Pratiquement aucune journée ne passe sans que le fil Twitter annonce une distinction quelconque pour un film québécois.

Au cours des derniers jours, Monsieur Lazhar a obtenu le prix du public au Festival de Rotterdam. Incendies, en lice pour le BAFTA du meilleur film étranger à Londres ce week-end, a été gratifié plus tôt à Bruxelles du Magritte de la meilleure actrice, remis à la formidable Lubna Azabal. Fort de son prix de popularité à Palm Springs, Starbuck fut de nouveau plébiscité par le public du Festival de Santa Barbara. Roméo Onze, remarquable premier film d'Ivan Grbovic, glane des prix un peu partout dans le monde, le plus récent étant un grand prix du jury attribué à Annonay (France), où se tient un festival consacré aux premières oeuvres . Même Bumrush, qui n'a pas exactement été encensé par la critique québécoise, s'en tire avantageusement dans des manifestations consacrées au cinéma indépendant.

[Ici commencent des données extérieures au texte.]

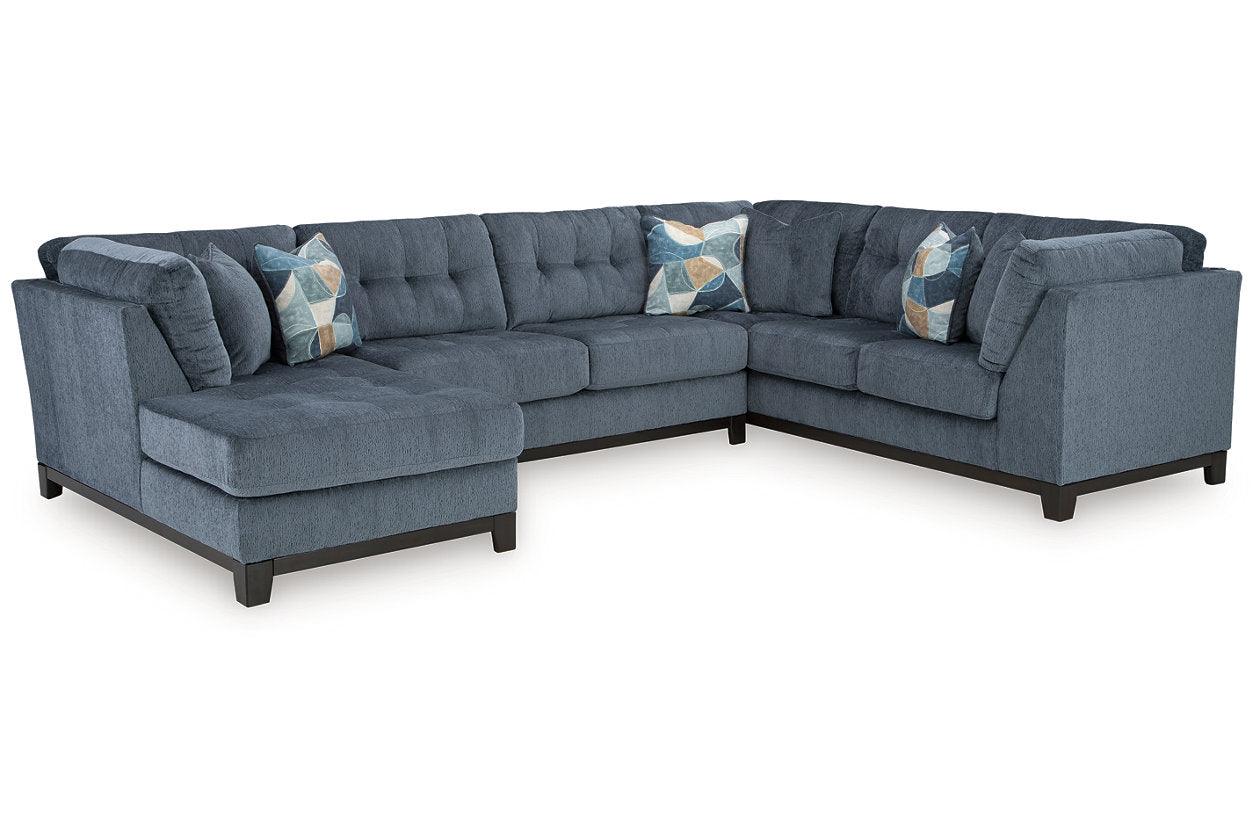 Maxon Place Navy 3-Piece Sectional with LAF Chaise - Image 5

Vendredi prochain, Rebelle, le plus récent film de Kim Nguyen, sera présenté en compétition officielle à la Berlinale, l'une des plus grandes manifestations cinématographiques de l'année (avec Cannes, Venise, et Toronto). Aucun film entièrement québécois n'avait eu droit à un tel honneur depuis Emporte-moi (Léa Pool), en 1999. N'oublions pas non plus le fascinant Bestiaire de Denis Côté (dont nous reparlerons), lequel sera projeté officiellement ce soir à Berlin (dans la section Forum) après avoir été lancé à Sundance.

Indéniablement, le rayonnement de notre cinématographie nationale est étroitement lié à sa présence sur le circuit des festivals.

En salle

Une autre forme de notoriété, plus concrète celle-là, découle aussi d'une sortie en salle. C'est à ce moment-là que les films d'ici font habituellement l'objet d'une couverture médiatique plus importante dans les pays étrangers. À cet égard, quelques longs métrages québécois ont eu droit au grand jeu. Incendies, bien sûr, qui devrait être le lauréat logique du Jutra attribué au film s'étant le plus illustré à l'extérieur de nos frontières. Mais aussi Curling. Et bientôt Monsieur Lazhar, Starbuck et compagnie. Aux États-Unis, en France ou ailleurs, les spectateurs ont eu (ou auront) le loisir de voir ces films dans un contexte dit «normal», de la même manière que les Québécois ont eu (ou auront) la possibilité de voir Des hommes et des dieux ou Une séparation. Voilà qui est bien.

Une couverture plus importante entraîne forcément l'attention de la critique. L'une ne va pas sans l'autre. Sorti en France il y a deux semaines, Café de Flore a bénéficié d'une très belle campagne médiatique, notamment grâce à la participation de la vedette féminine du film, Vanessa Paradis. Or, le film de Jean-Marc Vallée atteindra difficilement là-bas le score des 100 000 entrées. De plus, la critique dite «de référence» fut beaucoup moins enthousiaste qu'au Québec. Les médias d'ici en ont fait l'écho, comme ils le font dès que l'un des «nôtres» se fait valoir ailleurs. Denys Arcand s'est déjà demandé pourquoi les médias québécois accordaient autant d'importance à la critique française alors que, de l'autre côté de l'Atlantique, ses contreparties n'ont strictement rien à cirer de l'accueil que reçoivent en nos terres les oeuvres en provenance de l'Hexagone. La question mérite d'être posée.

Cela tient sans doute à ce besoin d'exister dans le regard d'un plus «grand» que soi, surtout s'il s'adonne à être cousin. Ou voisin. De là à parler de dépendance affective, il y a un pas que certains n'hésiteraient pas à franchir allègrement. On applaudit les succès, bien sûr (et avec raison!), mais quand les nouvelles sont moins bonnes, on frôle la crise identitaire. Aurons-nous un jour collectivement assez de maturité pour accepter sereinement une lecture différente à propos d'une oeuvre d'ici? Café de Flore a connu une carrière enviable au Québec. Des spectateurs d'ici ont entretenu un lien viscéral avec ce film. Qu'il n'ait pas eu la même résonance en France ne change rien à ce rapport, ni à cette affection. À chacun sa vérité.